Body-Positive Images: Not the Best Way to Body Positivity

(Really the only way to illustrate this post.)

Interesting article at Refinery 29 about how body-positive “body positive” blogs actually are, with a particular focus on photo blogs like Stop Hating Your Body and Curve Appeal. The idea of many of these blogs is that users post photos of themselves, often with a story about their journey toward body acceptance, which may be in its infancy; the question posed at Refinery 29 is whether these photos represent progress toward self-acceptance for either the posters or the readers. experts are concerned that some body-positive websites send mixed messages to their constituency—particularly by allowing girls to post their specific measurements (which many do), or fixate on certain body parts.

“These websites represent a ground-flow of young women who want to find peace with their bodies, but the messages—‘I love myself, but please accept me’—can be confusing,” said Elizabeth Scott, psychotherapist and Co-Founder of The Body Positive, a national body-image program for women. “These girls want community, and they want to be told they’re beautiful, which makes sense, but focusing on measurements or specific body types is troubling.”

There’s a lot to be said about the usefulness of posting one’s measurements and weight in an effort to be body positive. (In short: I think numbers transparency is good, but I also know that my first instinct whenever I see a “what real women weigh!” story in a ladymag is to look at their numbers and compare them to mine. The failure is definitely on my end here, but I also doubt I’m alone in this. So I applaud those who put specifics out there, but I won’t, as it’s just not how I personally best operate. Anyway.) But what I’m primarily interested in here is the essence of posting an image of one’s self to begin with.

We as a culture like to blame the images surrounding us for our negative feelings about our bodies—and I don’t think we’re entirely off-base in doing so. But I wonder whether creating and reproducing images of ourselves is the solution. It’s as though because manipulated images created a special category of special (nonexistent) people, we then needed to disambiguate “real” women—and we used images to do so. I think it’s worthwhile to play with and examine images, including self-portraits, when working one’s way toward body peace. I also think it’s worthwhile to remember Audre Lorde’s words here: The master’s tools will never dismantle the master’s house.

As tempting as it may be to turn to imagery to boost our self-esteem, we need to do so with caution. Images are powerful because they’re visceral; we see them both as a deeper truth and as something unreal. “It is common now for people to insist about their experience of a violent event in which they were caught up....that ‘it seemed like a movie,’” writes Susan Sontag in On Photography. “This is said, other descriptions seeming insufficient, in order to explain how real it was.” Turning to images—rather, turning ourselves into images—as a primary form of developing bodily self-esteem separates us from our bodies. It forces us to view our bodies in the same light under which we view the images of unreal bodies we’re trying to wrest ourselves from. Certainly, as these blog owners hope, we can emerge from that light feeling proud instead of dejected by comparison (look at our hips! our bellies! our stretch marks! our curves!). But we are still letting imagery dictate how we feel about our bodies, because imagery seems more real than ourselves.

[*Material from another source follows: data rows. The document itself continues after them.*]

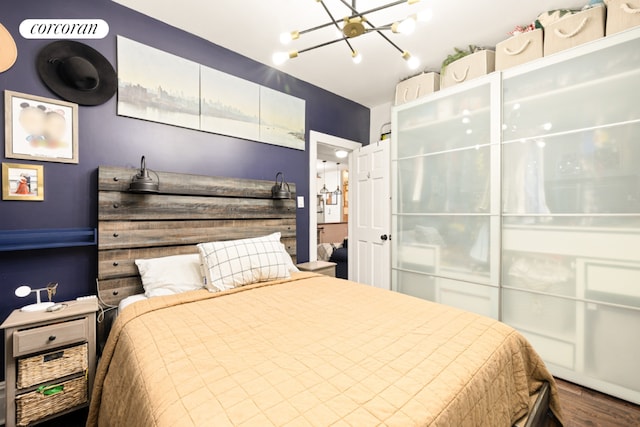 bedroom with hardwood / wood-style floors and a notable chandelier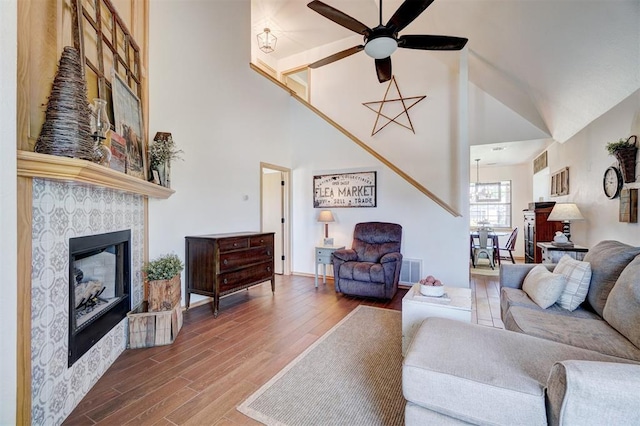 1409 SW 23rd St, Moore, OK 73170 - living room with visible vents, a ceiling fan, wood finished floors, a tile fireplace, and high vaulted ceiling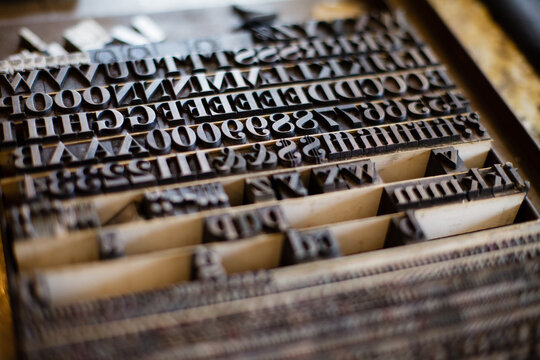 Close-up of vintage letterpress type blocks in a wooden case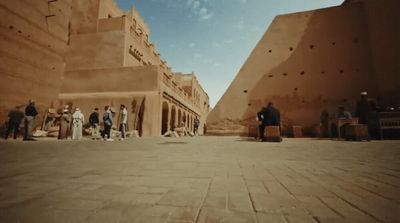 a group of people standing in front of a building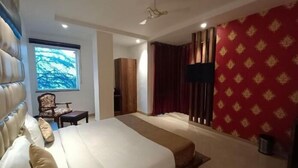 A hotel room with a large bed, a TV, a window with a view, and a red patterned wall.
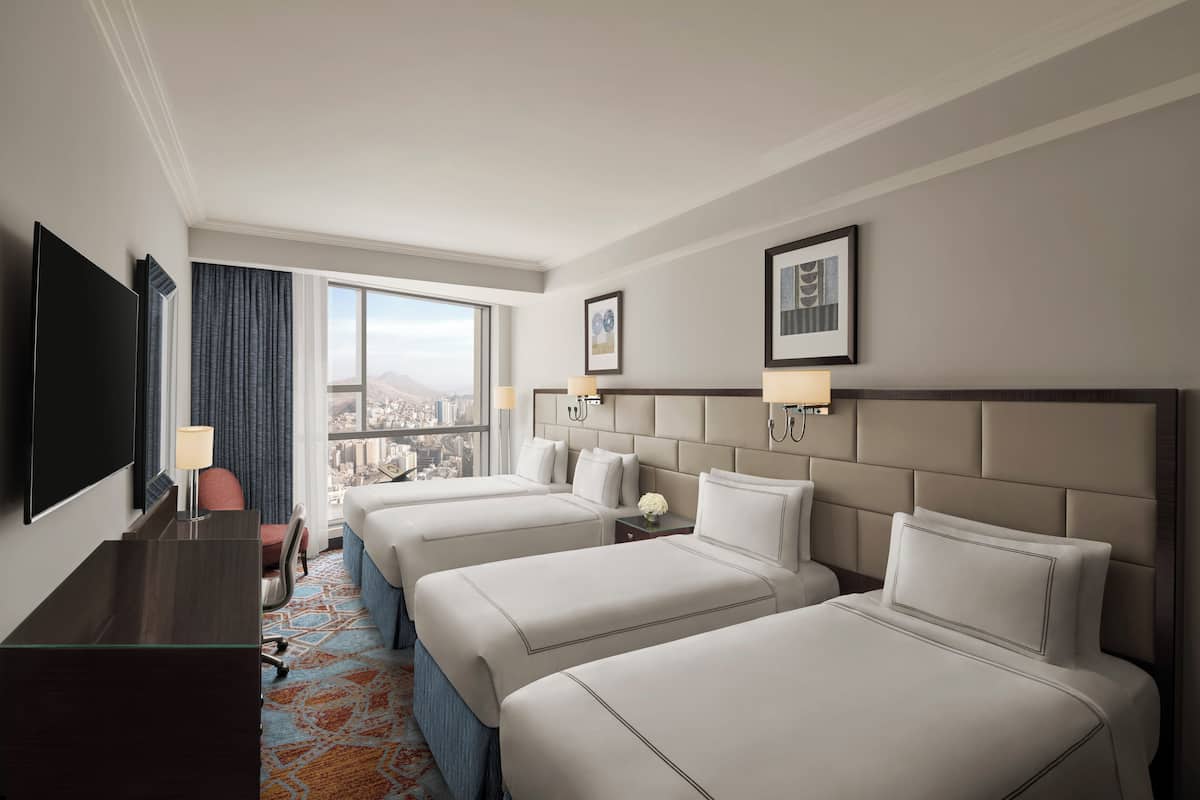 Classic Room (Quad bed, City) | Hypo-allergenic bedding, in-room safe, desk, blackout drapes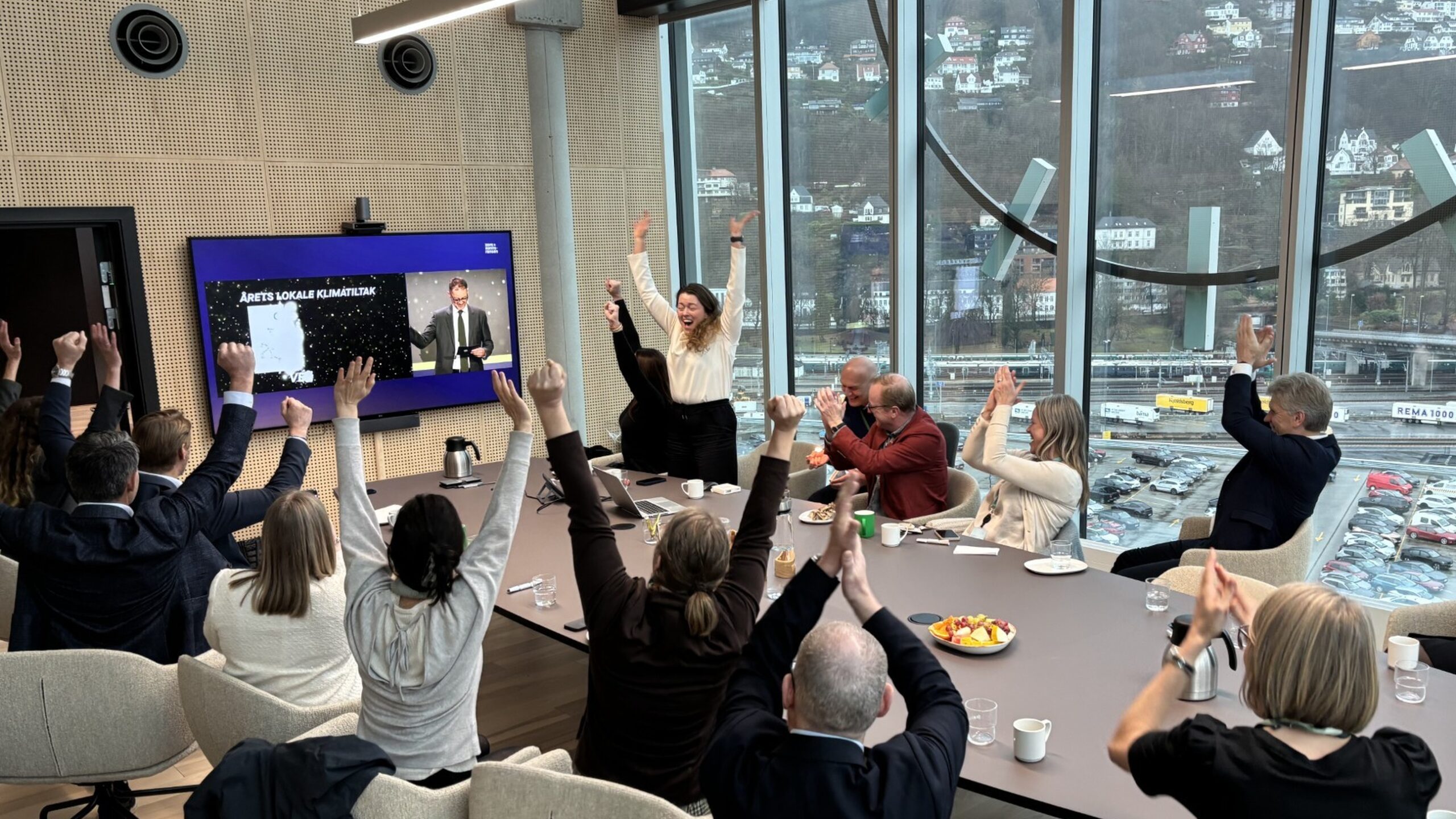 Mennesker rundt et bord jubler over prisdryss til Vestland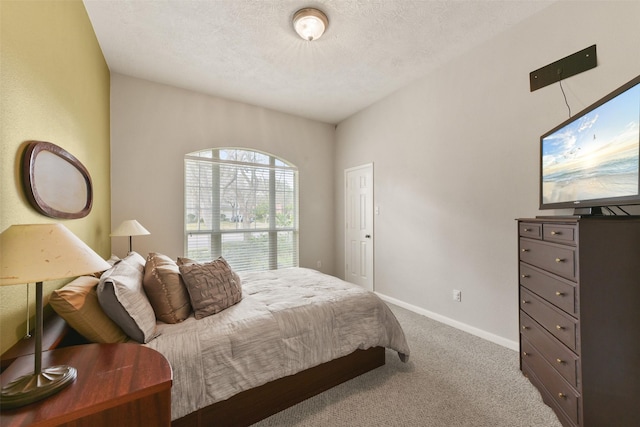 carpeted bedroom with a textured ceiling and baseboards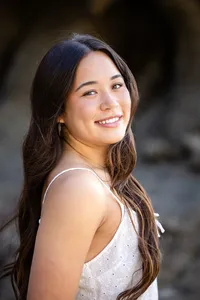 Smiling senior girl during a beach graduation photo session in Orange County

I think of what writer and recovered binge eater Sunny Sea Gold said in our interview: “Our bodies are a very convenient, tangible place to place our angst, our disgust, whatever else.” She was speaking specifically about women with eating disorders, which is a distinct psychological condition and not something every woman who groans about her thighs suffers from. But I think her point holds for many of us: We heap a helluva lot upon our bodies, and sometimes the bodily loathing we in feminist circles bemoan isn’t about our bodies at all—or the models, or the images. It’s about larger circumstances that vary widely from individual to individual, but it’s safe to say it’s usually a mix of family and personal history, an economic system that puts a good deal of labor value on display over production, systemic sexism, and good old-fashioned existentialism.

That’s a lot to tackle. So we find an identifiable entry point—imagery—and begin there. My worry is that the prevalence of these blogs allows us to think we can stop there too.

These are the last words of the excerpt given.